## DIRECTIONS FOR THIS TASK
Render every line of the data exactly as written, and leave out the pictures.

(DATA BLOCK Opens)

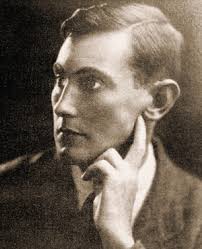 Image of Oil painting of Isaac Rosenberg, 1909 (b/w photograph) by Unknown  Artist, (20th century)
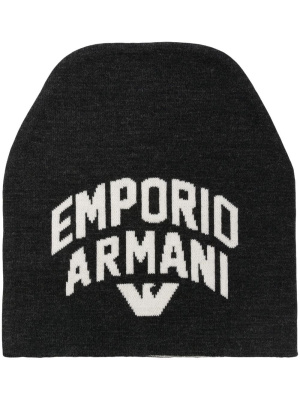 

Logo-intasia beanie hat, Emporio Armani Logo-intasia beanie hat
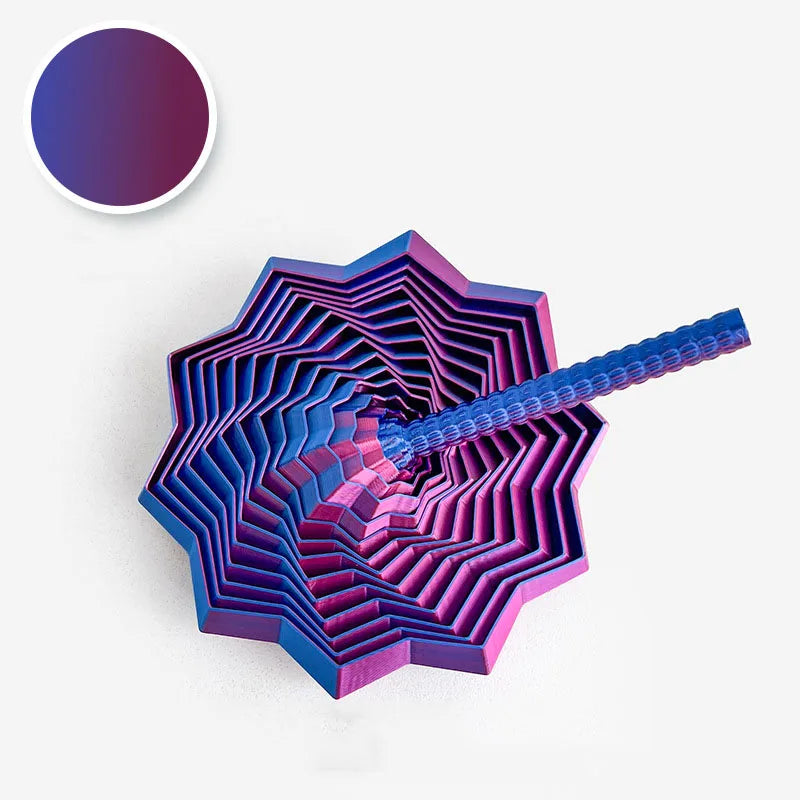 Optical Illusion Fidget Star – 3D Hexagon Spinner for Stress Relief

(DATA BLOCK Closes)

## ANSWER FOR THE TASK
 Image of Oil painting of Isaac Rosenberg, 1909 (b/w photograph) by Unknown  Artist, (20th century)

Logo-intasia beanie hat, Emporio Armani Logo-intasia beanie hat
 Optical Illusion Fidget Star – 3D Hexagon Spinner for Stress Relief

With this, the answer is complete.